United States District Court, D. Oregon

August 20, 2018

LORAINE M. M.d.H., [1] Plaintiff,
NANCY A. BERRYHILL, Deputy Commissioner for Operations, performing the duties and functions not reserved to the Commissioner of Social Security, Defendant.

          Richard F. McGinty, McGinty & Belcher, P.O. Box 12806, Salem, OR 97301. Of Attorneys for Plaintiff.

          Billy J. Williams, United States Attorney, and Renata Gowie, Assistant United States Attorney, United States Attorney's Office, Kathryn A. Miller, Special Assistant United States Attorney, Office of General Counsel, Social Security Administration, Of Attorneys for Defendant.



         Loraine M.d.H. (“Plaintiff”) seeks judicial review of the final decision of the Commissioner of the Social Security Administration (“Commissioner”) denying her application for Supplemental Security Income (“SSI”) under Title XVI of the Social Security Act (the “Act”).
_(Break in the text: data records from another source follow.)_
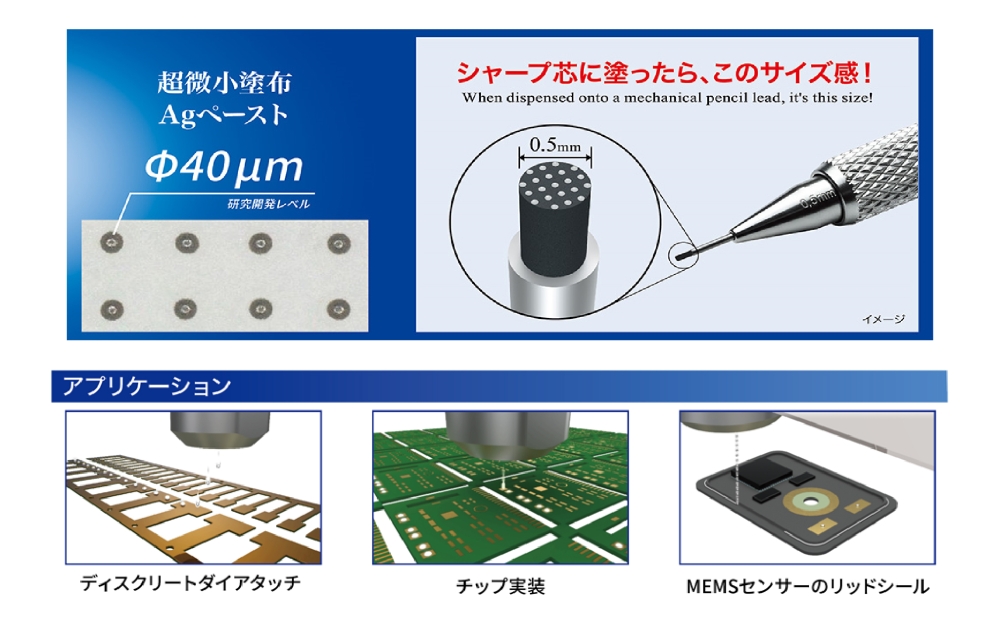 copy_HyperJet2 シャープ芯塗布イメージ - 银浆涂布.jpg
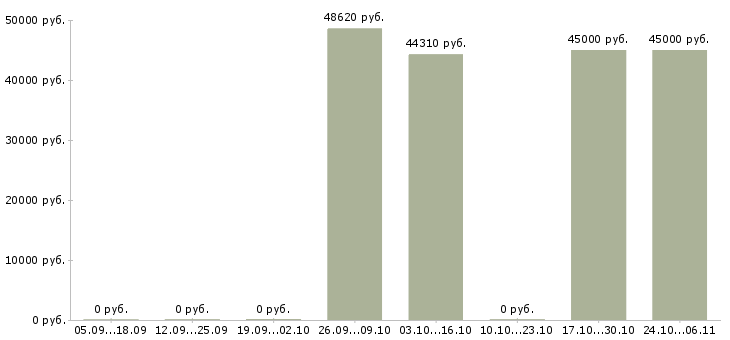 Вакансии монтажники трубопроводов в Твери - Медиана зарплат монтажники трубопроводов в Твери за 2 месяца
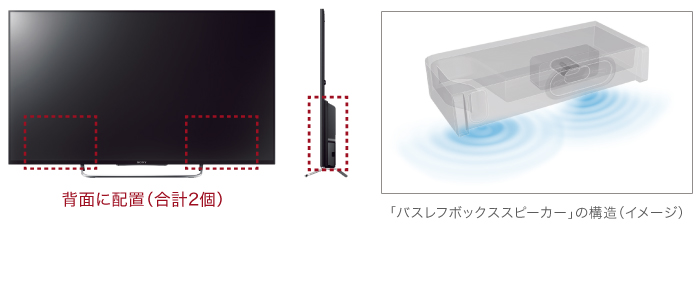 W600Bシリーズ 特長 : 高音質 | テレビ ブラビア | ソニー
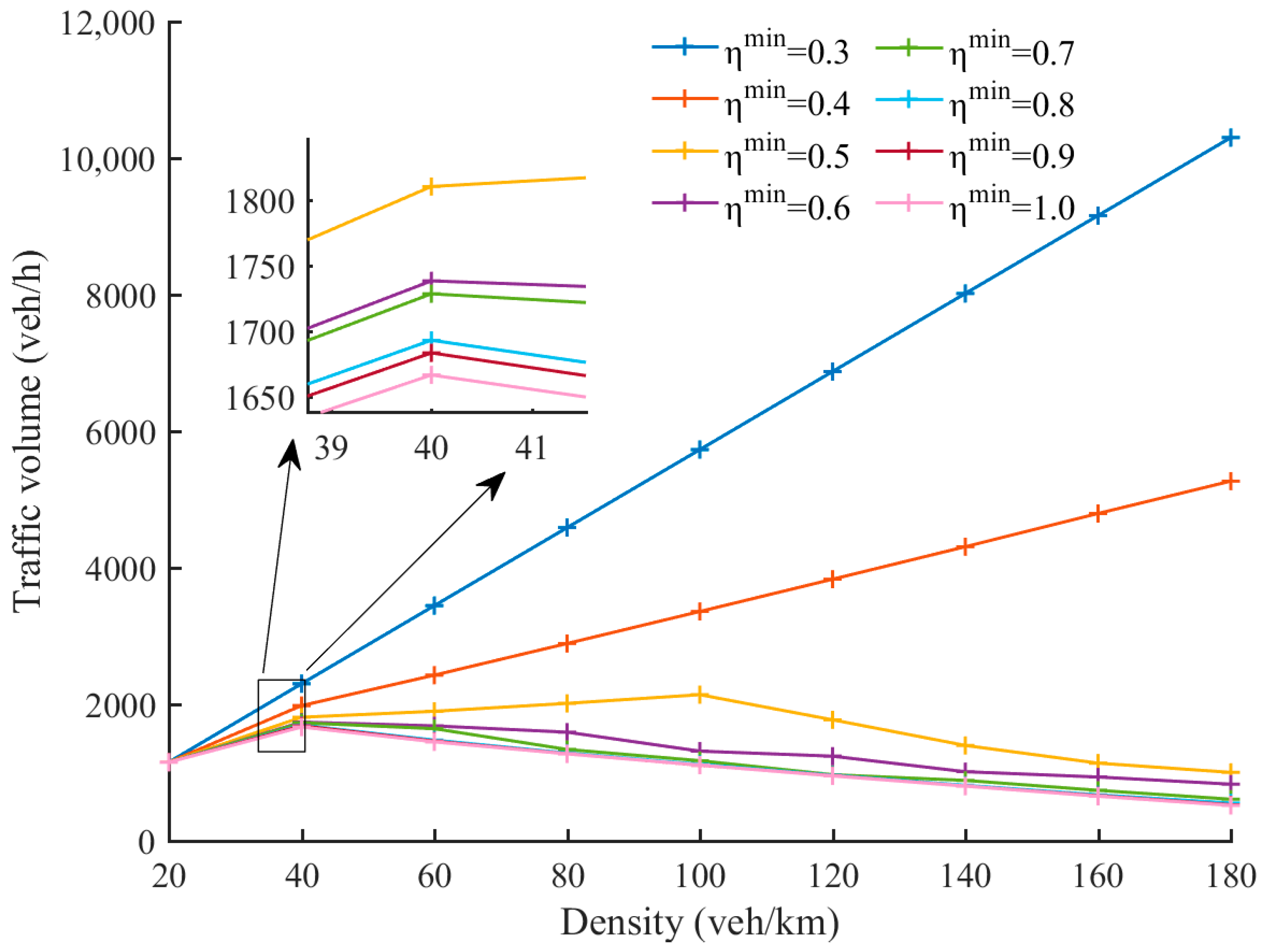 Sustainability 15 06282 g010 Sustainability 15 06282 g010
For the following reasons, the Commissioner's decision is AFFIRMED.


         The district court must affirm the Commissioner's decision if it is based on the proper legal standards and the findings are supported by substantial evidence. 42 U.S.C. § 405(g); see also Hammock v. Bowen, 879 F.2d 498, 501 (9th Cir. 1989). “Substantial evidence” means “more than a mere scintilla but less than a preponderance.” Bray v. Comm'r of Soc. Sec. Admin., 554 F.3d 1219, 1222 (9th Cir. 2009) (quoting Andrews v. Shalala, 53 F.3d 1035, 1039 (9th Cir. 1995)). It means “such relevant evidence as a reasonable mind might accept as adequate to support a conclusion.” Id. (quoting Andrews, 53 F.3d at 1039).

         Where the evidence is susceptible to more than one rational interpretation, the Commissioner's conclusion must be upheld. Burch v. Barnhart, 400 F.3d 676, 679 (9th Cir. 2005). Variable interpretations of the evidence are insignificant if the Commissioner's interpretation is a rational reading of the record, and this Court may not substitute its judgment for that of the Commissioner. See Batson v. Comm'r of Soc. Sec. Admin., 359 F.3d 1190, 1193, 1196 (9th Cir. 2004). “[A] reviewing court must consider the entire record as a whole and may not affirm simply by isolating a specific quantum of supporting evidence.” Orn v. Astrue, 495 F.3d 625, 630 (9th Cir. 2007) (quoting Robbins v. Soc. Sec. Admin., 466 F.3d 880, 882 (9th Cir. 2006) (quotation marks omitted)). A reviewing court, however, may not affirm the Commissioner on a ground upon which the Commissioner did not rely. Id.; see also Bray, 554 F.3d at 1226.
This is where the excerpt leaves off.